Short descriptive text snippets
++++++++
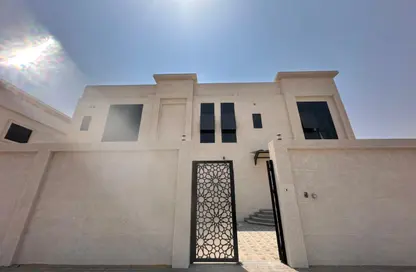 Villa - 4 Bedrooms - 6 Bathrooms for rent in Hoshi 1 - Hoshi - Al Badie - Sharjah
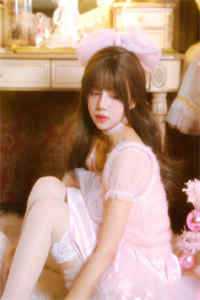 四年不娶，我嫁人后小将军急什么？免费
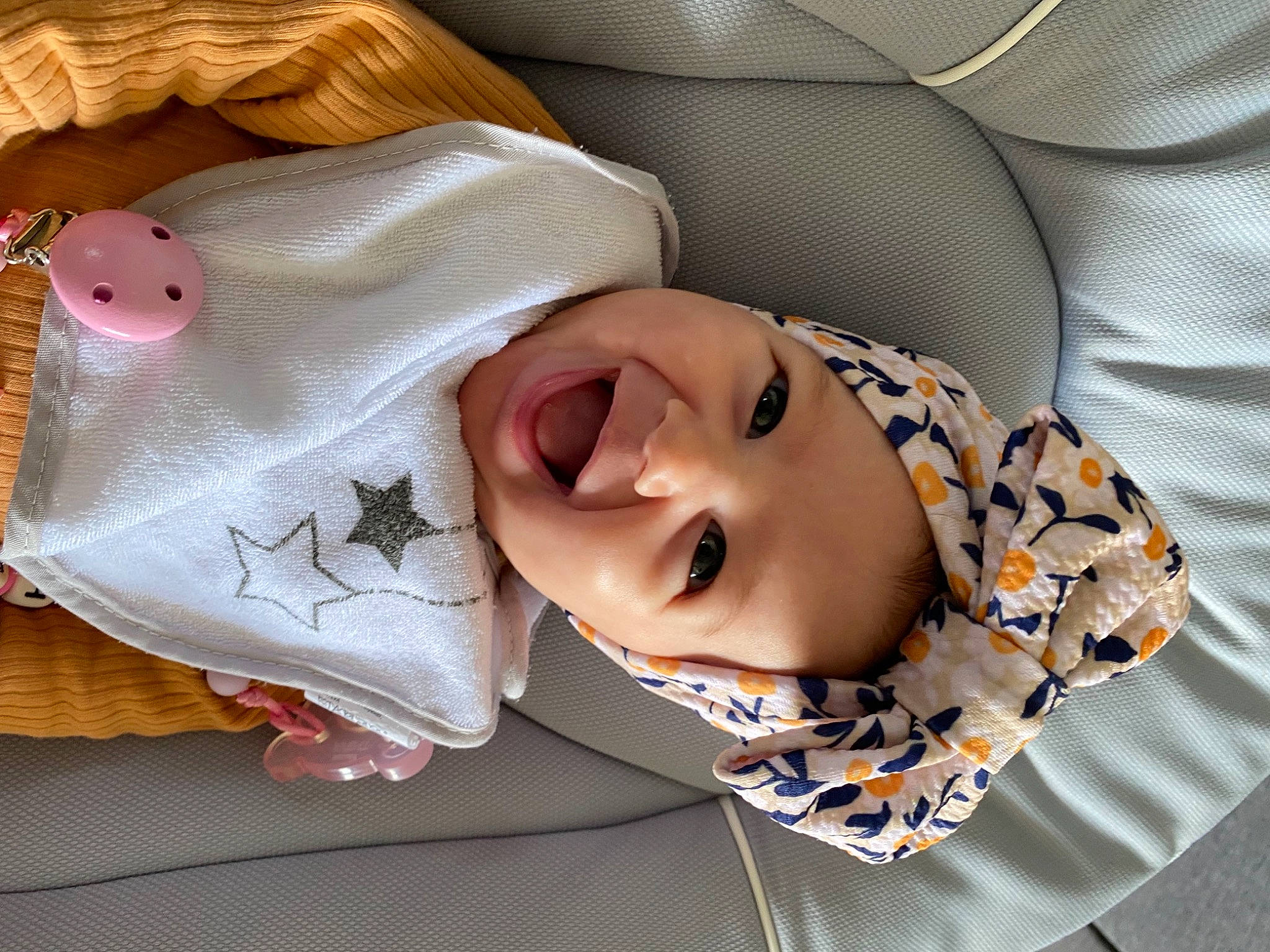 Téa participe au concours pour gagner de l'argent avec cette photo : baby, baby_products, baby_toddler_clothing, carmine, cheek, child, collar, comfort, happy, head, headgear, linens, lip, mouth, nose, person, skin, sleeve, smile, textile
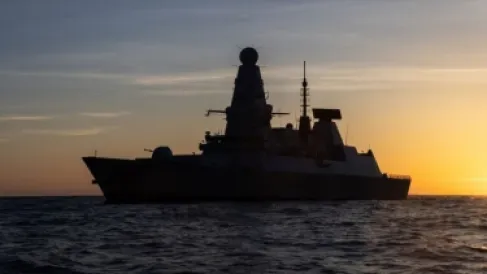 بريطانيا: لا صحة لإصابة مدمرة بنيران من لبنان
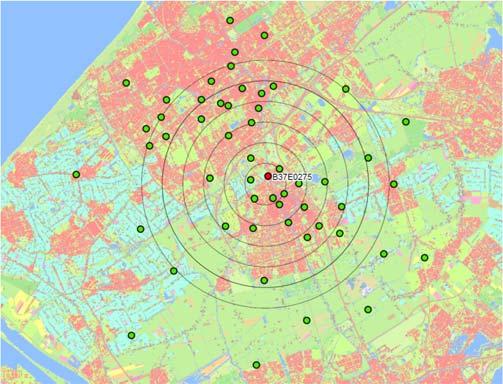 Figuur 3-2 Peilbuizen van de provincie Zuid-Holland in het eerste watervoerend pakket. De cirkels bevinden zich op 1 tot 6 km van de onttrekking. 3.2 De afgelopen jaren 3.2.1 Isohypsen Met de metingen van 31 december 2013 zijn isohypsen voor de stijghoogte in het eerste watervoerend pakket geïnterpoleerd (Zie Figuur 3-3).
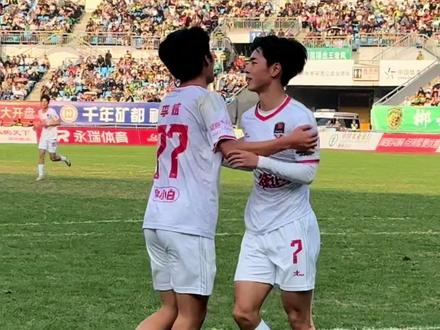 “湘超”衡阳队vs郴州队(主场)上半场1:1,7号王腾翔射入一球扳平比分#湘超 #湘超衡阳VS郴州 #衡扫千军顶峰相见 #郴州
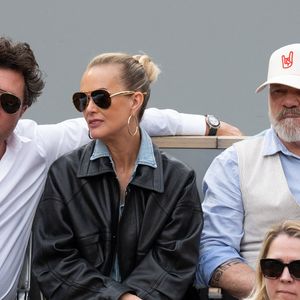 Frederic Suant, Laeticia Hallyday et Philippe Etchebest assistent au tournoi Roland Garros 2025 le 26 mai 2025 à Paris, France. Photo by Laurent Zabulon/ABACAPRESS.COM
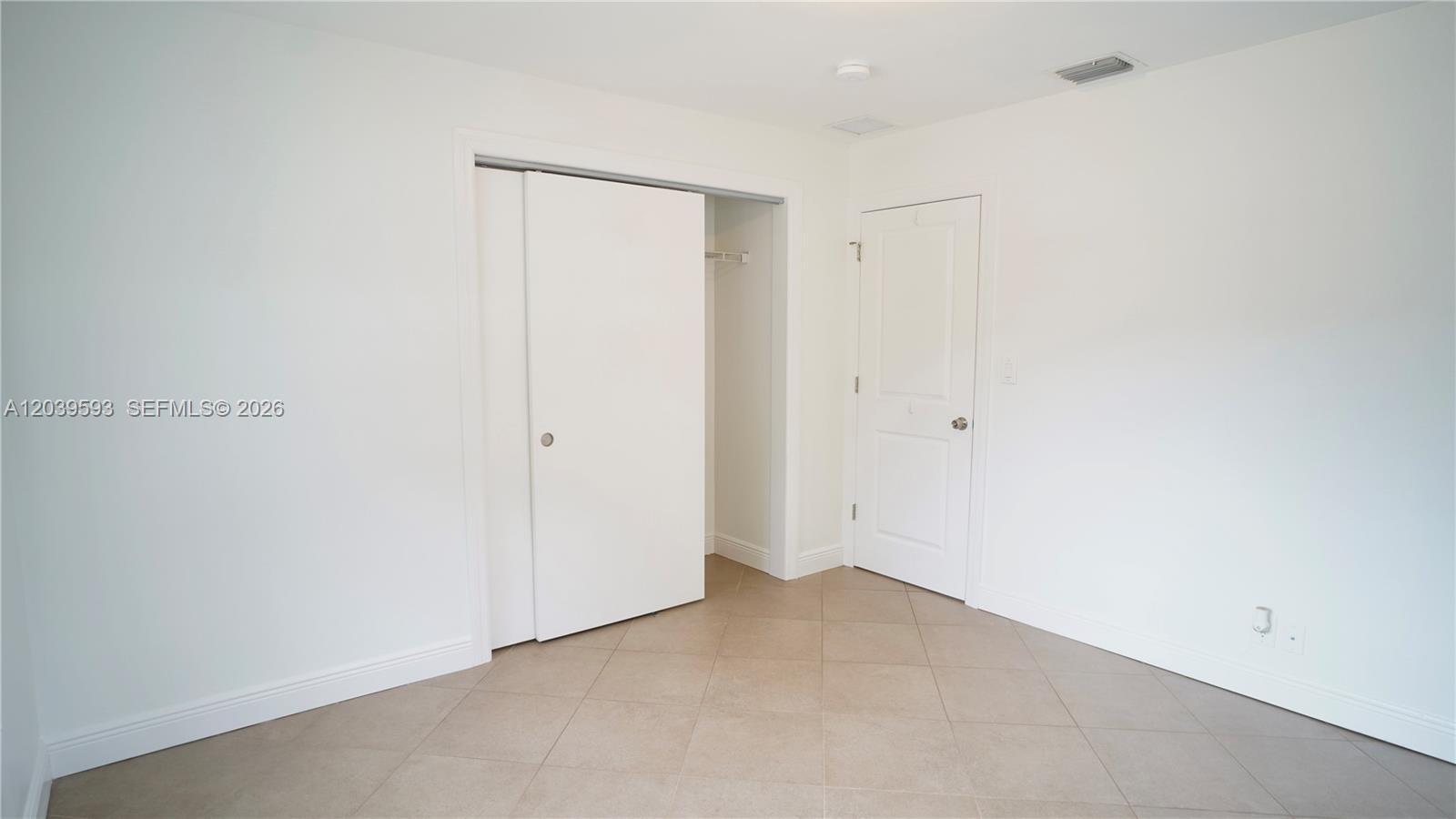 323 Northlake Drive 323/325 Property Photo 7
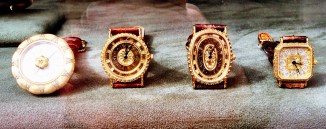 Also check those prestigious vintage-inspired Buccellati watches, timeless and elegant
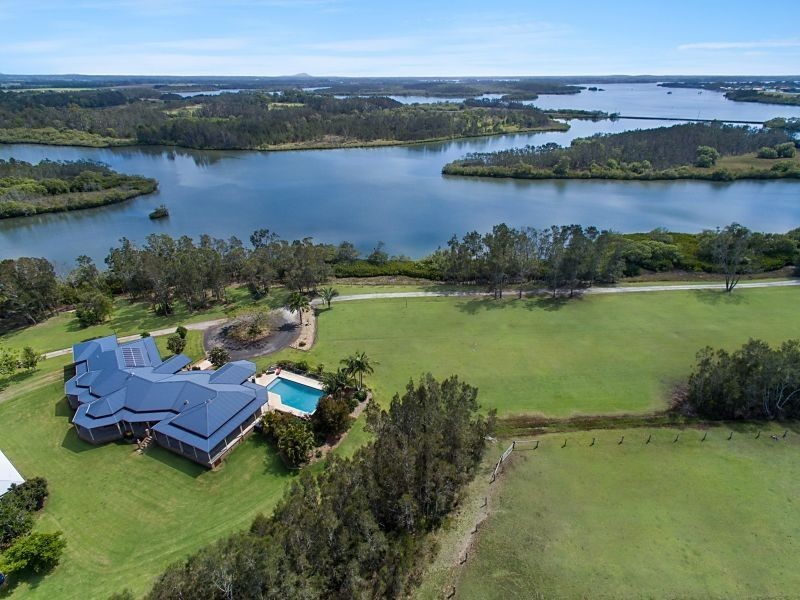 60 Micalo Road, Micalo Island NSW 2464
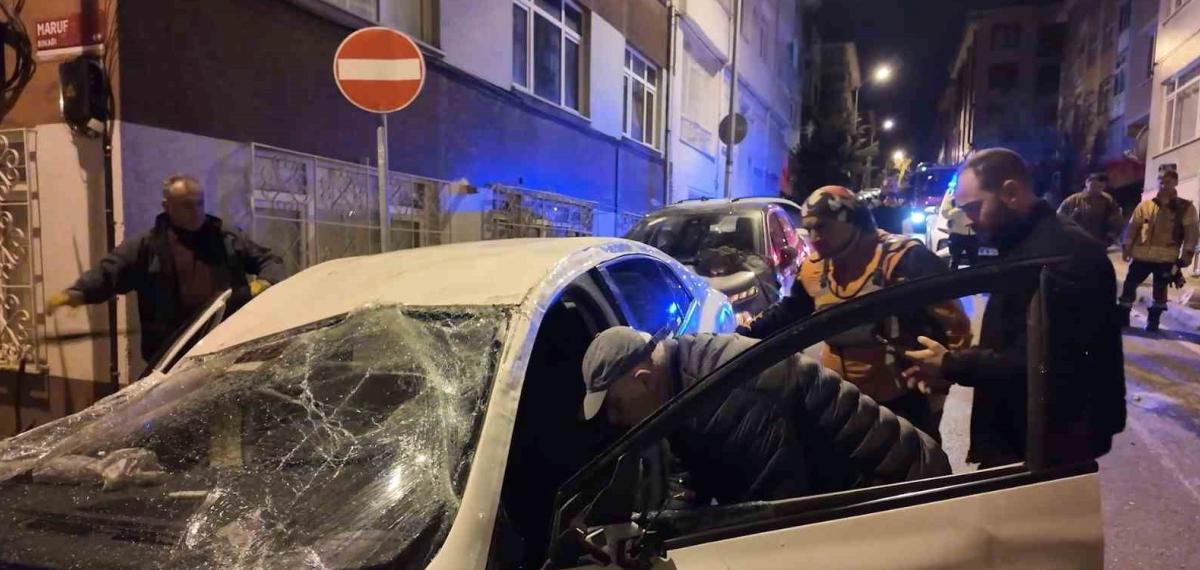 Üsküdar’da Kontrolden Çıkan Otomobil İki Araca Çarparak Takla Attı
++++++++
● **Instructions to follow**
All lines from the start of the entries above through the line containing "بريطانيا: لا صحة" are to be given again exactly; the pictures are not.

● **Response below**
 Villa - 4 Bedrooms - 6 Bathrooms for rent in Hoshi 1 - Hoshi - Al Badie - Sharjah
 四年不娶，我嫁人后小将军急什么？免费
 Téa participe au concours pour gagner de l'argent avec cette photo : baby, baby_products, baby_toddler_clothing, carmine, cheek, child, collar, comfort, happy, head, headgear, linens, lip, mouth, nose, person, skin, sleeve, smile, textile
 بريطانيا: لا صحة لإصابة مدمرة بنيران من لبنان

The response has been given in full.